British cars, specifically British cars made by the mass of car makers who became British Leyland, are our stock in trade. The history of British Leyland has more twists and turns than Eastenders, particularly in its final days under The Phoenix Four.
So when news stories began appearing this week about Messrs Beale, Towers et al I was immediately interested. I’ll be honest, I’ve always bought the line that the famous four feathered their own nests and hung the workers out to dry. This view was largely based on media reports and local anecdotes, for example about the sale of Studley Castle, the former BL management centre located a few miles from the Great Escape site. Like most people I have never had the time to peruse the 800 page Government report into MG Rover’s collapse.
Now, thanks to a link on a Facebook group, I have. Not every word, I have to admit, but most of it. I have sacrificed a considerable amount of my already depleted brain cells to bring you a summary of what The Phoenix Four actually got up to. So here it is a bitesized analysis of what killed MG Rover split into the main topic areas.
Sale by BMW
When Beemer decided to bail it sold the good bit – Land Rover – very easily, leaving it with the less desirable rump of MG and Rover. Everybody, including the Government, knew that this business was not viable in its current form, due to inefficient factories and ancient products. So either it would have to be drastically slimmed down or partnered with a suitable cash-rich car maker. This is why BMW provided a £500m ‘dowry’ to the Phoenix consortium to take the problem off their hands.

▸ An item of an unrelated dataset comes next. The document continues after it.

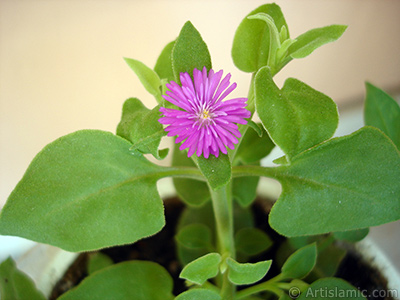 Heartleaf Iceplant -Baby Sun Rose, Rock rose- with pink flowers. <i>(Family: Aizoaceae, Species: Aptenia cordifolia)</i> <br>Photo Date: July 2006, Location: Turkey/Istanbul-Mother`s Flowers, By: Artislamic.com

The BMW deal seems to have been concluded very quickly, particularly compared to the slow pace of the SAIC JV. This seems to suggest a lack of due diligence with BMW rather than a criticism of SAIC. Quite why it all had to happen so quickly is unclear but certainly issues like a business plan and the pension shortfall don’t seem to have received serious analysis by the Consortium. BMW gave Towers and his partners £500m to offload the English Patient – whether your plans are short or long term, that dowry alone feels pretty persuasive.
The Phoenix Four
The saviours of British Leyland were:
John Towers – former managing director of Rover
Peter Beale – finance director who previously worked for a Rover dealer in Stratford
Nick Stephenson – engineer who was a former director of Rover/BMW
John Edwards – ran a Rover dealership in Stratford
Towers and Beale are generally acknowledged as well equipped for the roles they played in the business. Stephenson and Edwards, according to the Government report, were competent in their specialist fields but were pushed well beyond their competences and comfort zone.

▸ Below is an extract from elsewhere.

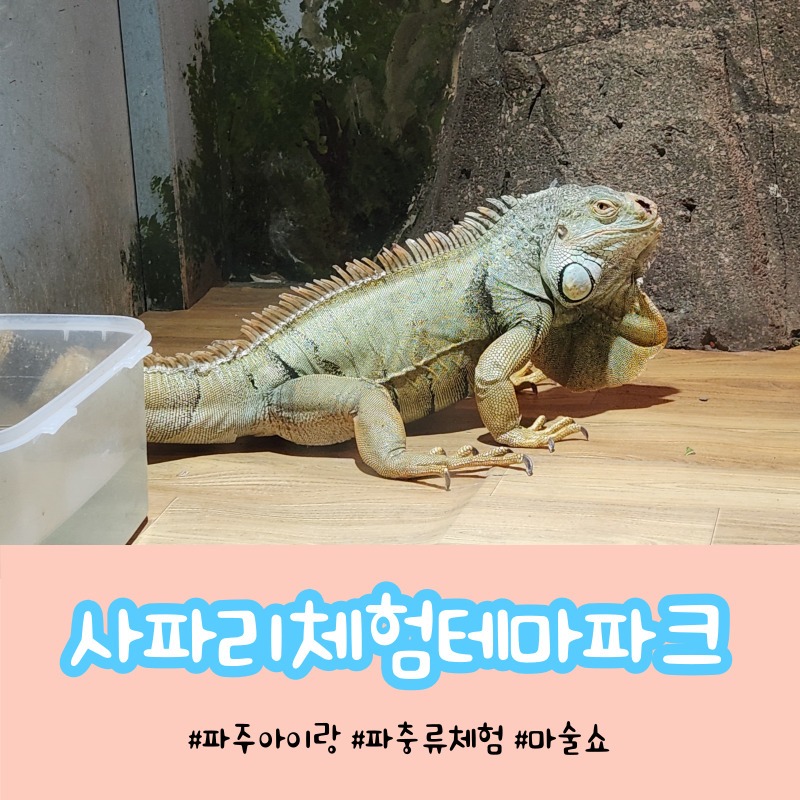 사파리체험테마파크 이미지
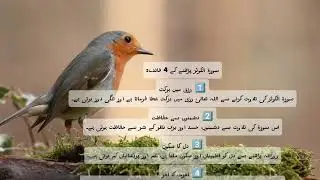 Surah Al kausar ko parny k 4 faidy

From the start the structure of the Phoenix Four deal should have raised alarm bells. The four formed a limited partnership and set up a business called Techtronic. Techtronic ‘bought’ MG Rover and received the loan from BMW. By design or coincidence this structure enabled the directors to distance their financial liability and risk from the actual business they had bought – and keep the cash outside the floundering car company. In effect Techtronic lent money to MG Rover (which had to be paid back) and earns interest on the loan. This arrangement generated a surplus which was fed back to the limited partnership. So whatever happened at MG Rover, careful management of funds at Techtronic would enable the directors to benefit from surpluses created by interest on the invested BMW loan and on loans to MG Rover. It didn’t matter if the BMW loan was run down and MG Rover defaulted – short term they would gain, receiving funds that didn’t need to be paid back.

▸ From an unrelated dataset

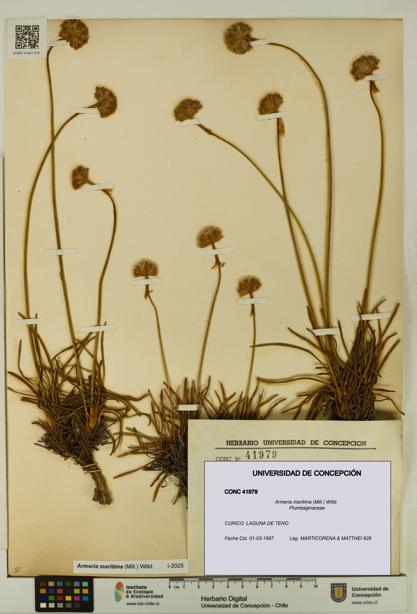 Armeria maritima [Espécimen: UDEC:CONC:0041979]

The Risks Taken by The Phoenix Four
The four directors made much at the time of the purchase of their personal risk – and repeated this line after the collapse. However, the Government report finds that this simply wasn’t true – there was no personal risk. According to the directors they stumped up seed cash required to fund the bid and underwrote legal fees. In fact they each put in £60,000 and did not underwrite legal fees. In the circumstances while £60k is a significant sum, taken against the windfall of interest on £500m it was hardly a risk. Similarly, immediately on signing the deal the directors awarded themselves £1m ‘reward’ to be paid by MG Rover. Instead of paying themselves this money they opted to take ‘loan notes’ – while this kept cash in MG Rover it also earns the directors even more money as interest accrued to them on these notes. They called in the loan during their tenure.
We all expect the people at the top to look after themselves. The Phoenix Four did this quite well. Each was paid well in excess of the salaries paid to directors of other UK car companies including Ford. Their combined bonus packages were in some cases double comparable firms. None of the directors except Towers had ever earned salaries even close to the sums they claimed. Yet apparently they complained that they were being underpaid. The four directors were able to agree their remuneration between them – there wereno external checks or approval required.
Throughout its ownership by The Phoenix Four MG Rover’s finances were on the slide. It sold less cars and made less money year on year. To survive it sold assets and worked through the BMW dowry. Despite this the directors awarded themselves bonuses of around £20m. Even in a company like MG Rover directors have to justify the basis on which bonuses are awarded and so they did this by using ‘milestones’ like car sales and progress with various Joint Venture projects. Except these claims never stacked up – whilst car sales floundered and JVs stagnated the directors funnelled millions in the form of ‘bonuses’ into an offshore pension fund directly from MG Rover funds – well out of reach of the administrator. So, the directors earnt money via Techtronic and directly via MG Rover.
The latest news stories concern the disposal of MG Capital by the receiver. This has resulted in another cash bonus for The Phoenix Four. They have argued that they risked their own personal assets to buy MG Capital and therefore they should benefit. Except, according to the Government report, they didn’t. They used the loan notes that they awarded themselves to underwrite loans obtained to fund the purchase. As the loans were awarded from MG Rover funds, a decision proposed and agreed only by the directors, this can hardly be said to be a risk – if something went wrong they ultimately had access to a £500m pot that would pay the loans. The MG Capital deal was similarly hugely favourable to them that any short term ‘risk’ was far outweighed by the benefit. For their individual ‘investments’ of a few hundred thousand pounds in MG Capital, each director appears to have received several million pounds.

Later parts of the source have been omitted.